From Manual Checks to Smart Cameras
Inspecting surfaces by eye has clear drawbacks: it is subjective, time-consuming, and sometimes dangerous for inspectors working on busy roads or high bridges. Earlier computer programs tried to find cracks in photos using simple tricks such as edge detection and thresholding, but they struggled with shadows, changing light, or rough textures that can look like cracks. More recent systems use machine learning, where algorithms learn patterns from many images. Convolutional neural networks and newer vision transformers have already pushed accuracy much higher, yet most still have trouble handling fine, irregular cracks under real-world conditions and rarely explain how they reach their decisions.

A Hybrid AI Model That Sees More Clearly
The authors designed a hybrid deep learning model that combines several strengths into one pipeline. First, a compact network called MobileNet V3 looks at the image and pulls out local details such as edges, micro-cracks, and texture. Next, a transformer model called LeViT analyzes how different parts of the image relate to each other, capturing long-range patterns—like how a thin crack snakes across a slab.

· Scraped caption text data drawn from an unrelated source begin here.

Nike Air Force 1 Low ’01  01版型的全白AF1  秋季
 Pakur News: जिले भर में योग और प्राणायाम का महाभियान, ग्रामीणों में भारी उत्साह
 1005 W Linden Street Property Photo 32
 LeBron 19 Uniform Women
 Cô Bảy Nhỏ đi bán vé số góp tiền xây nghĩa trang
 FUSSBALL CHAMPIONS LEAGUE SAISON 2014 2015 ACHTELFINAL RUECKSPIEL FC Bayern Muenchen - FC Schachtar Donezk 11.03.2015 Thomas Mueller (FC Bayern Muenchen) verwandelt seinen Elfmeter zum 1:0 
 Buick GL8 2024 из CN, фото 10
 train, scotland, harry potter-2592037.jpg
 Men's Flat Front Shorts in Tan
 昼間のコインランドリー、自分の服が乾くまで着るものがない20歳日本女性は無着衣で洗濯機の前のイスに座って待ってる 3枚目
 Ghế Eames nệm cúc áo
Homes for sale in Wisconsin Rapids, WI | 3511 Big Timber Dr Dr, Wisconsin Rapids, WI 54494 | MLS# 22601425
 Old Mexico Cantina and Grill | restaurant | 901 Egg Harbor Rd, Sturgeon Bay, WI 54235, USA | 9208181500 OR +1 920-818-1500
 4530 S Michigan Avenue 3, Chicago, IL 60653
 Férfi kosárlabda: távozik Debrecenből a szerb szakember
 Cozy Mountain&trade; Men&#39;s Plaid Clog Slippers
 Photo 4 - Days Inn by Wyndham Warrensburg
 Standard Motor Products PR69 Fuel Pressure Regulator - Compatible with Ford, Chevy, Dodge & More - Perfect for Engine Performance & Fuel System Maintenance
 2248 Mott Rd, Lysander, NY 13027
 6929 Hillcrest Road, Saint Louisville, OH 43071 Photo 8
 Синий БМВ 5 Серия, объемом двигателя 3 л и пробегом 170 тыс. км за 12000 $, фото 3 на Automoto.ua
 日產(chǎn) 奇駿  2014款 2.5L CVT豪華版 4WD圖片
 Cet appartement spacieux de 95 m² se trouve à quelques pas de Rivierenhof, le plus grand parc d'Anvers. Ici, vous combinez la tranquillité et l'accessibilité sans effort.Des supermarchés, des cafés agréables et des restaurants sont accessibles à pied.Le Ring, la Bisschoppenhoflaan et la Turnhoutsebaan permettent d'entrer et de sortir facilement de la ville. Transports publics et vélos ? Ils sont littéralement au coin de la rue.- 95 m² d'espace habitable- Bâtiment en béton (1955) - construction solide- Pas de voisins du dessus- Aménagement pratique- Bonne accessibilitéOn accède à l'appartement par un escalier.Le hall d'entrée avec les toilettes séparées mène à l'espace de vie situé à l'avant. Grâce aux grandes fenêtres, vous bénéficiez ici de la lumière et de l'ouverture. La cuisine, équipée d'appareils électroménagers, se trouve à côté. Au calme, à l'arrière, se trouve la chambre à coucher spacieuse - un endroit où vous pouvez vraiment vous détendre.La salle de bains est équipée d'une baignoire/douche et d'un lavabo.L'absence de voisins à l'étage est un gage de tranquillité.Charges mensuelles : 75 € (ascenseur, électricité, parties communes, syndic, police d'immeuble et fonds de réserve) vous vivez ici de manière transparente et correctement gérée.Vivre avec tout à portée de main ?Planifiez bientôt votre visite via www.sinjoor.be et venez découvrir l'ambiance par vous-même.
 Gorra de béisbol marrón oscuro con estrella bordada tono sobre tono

A third component, an improved Linformer transformer, focuses on efficiently modeling these long-range relationships even in high-resolution images, but with reduced computation, so it is practical for small devices.
Mixing Signals and Making a Final Call
Instead of simply stacking these components, the system uses a “gated feature fusion” step that learns which pieces of information from each network truly matter and which are redundant. This helps the model keep useful clues about crack width, length, and continuity while ignoring distracting background patterns. The fused signal is then passed to a Kolmogorov–Arnold Network, a special type of neural network that represents complex relationships using flexible mathematical curves. This classifier is tuned to draw a sharp boundary between “crack” and “no crack” cases, even when the patterns in the data are subtle or messy, while staying fast and compact enough for real-time use on edge hardware such as smartphones or embedded boards.

Opening the AI Black Box
Because infrastructure safety depends on trust, the authors also focus on making the model’s decisions understandable. They apply two explanation tools—SHAP and LIME—to highlight which image regions and features most influenced a given prediction. When the model detects a crack, these tools typically emphasize the crack path and its immediate surroundings, confirming that the system is “looking” at the right places rather than being misled by stains or shadows. During development, these explanations also exposed weaknesses, such as a tendency to react to painted lines on asphalt, which led the team to adjust the training process and cut false alarms.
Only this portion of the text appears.